» **Exercise**
Please filter the listing below and copy out the lines that hold "Foto".

» **Records for this task**
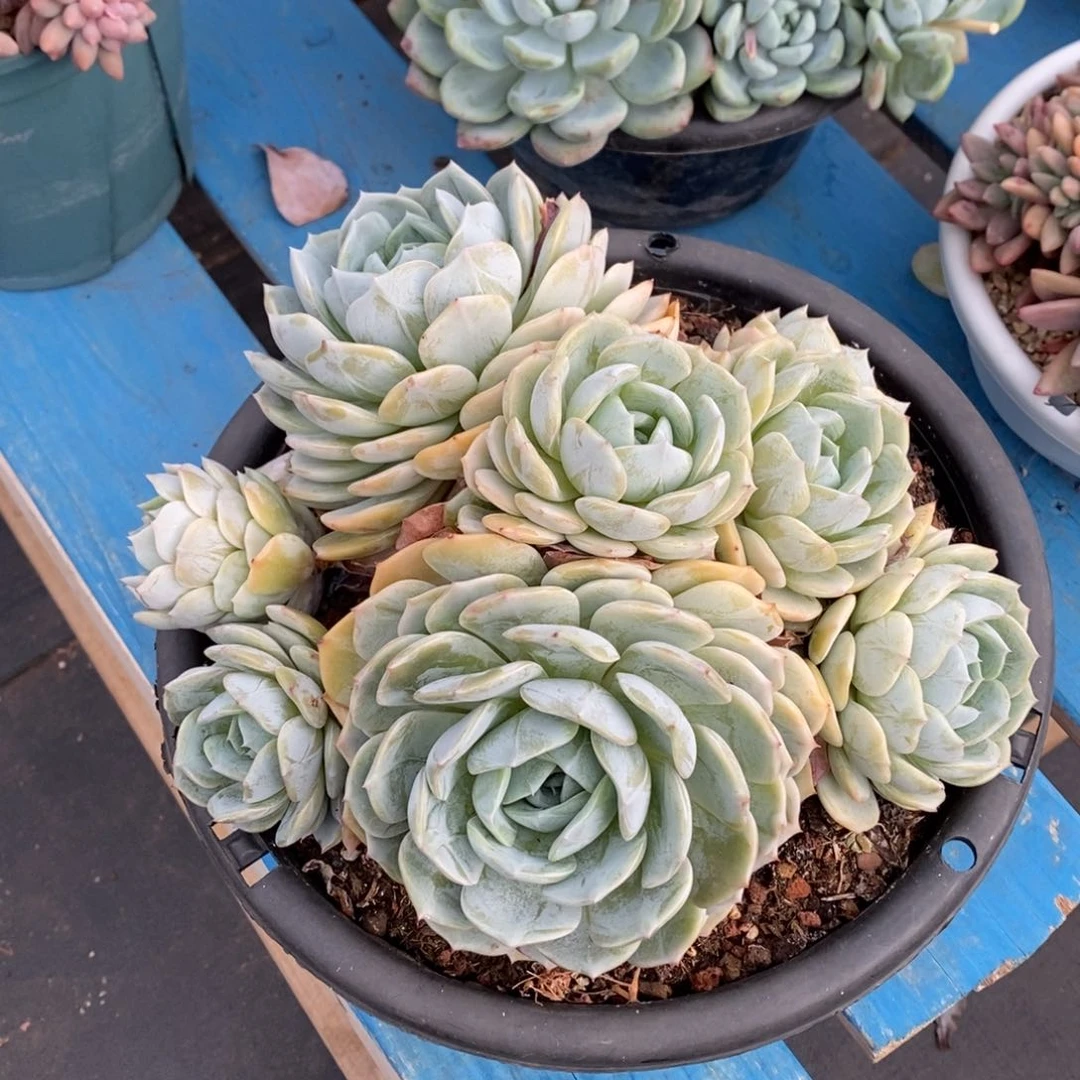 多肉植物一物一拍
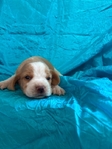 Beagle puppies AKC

...

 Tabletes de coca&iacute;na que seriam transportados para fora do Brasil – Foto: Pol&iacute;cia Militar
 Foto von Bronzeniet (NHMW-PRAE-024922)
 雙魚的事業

» **Solution for this task**
 Tabletes de coca&iacute;na que seriam transportados para fora do Brasil – Foto: Pol&iacute;cia Militar
 Foto von Bronzeniet (NHMW-PRAE-024922)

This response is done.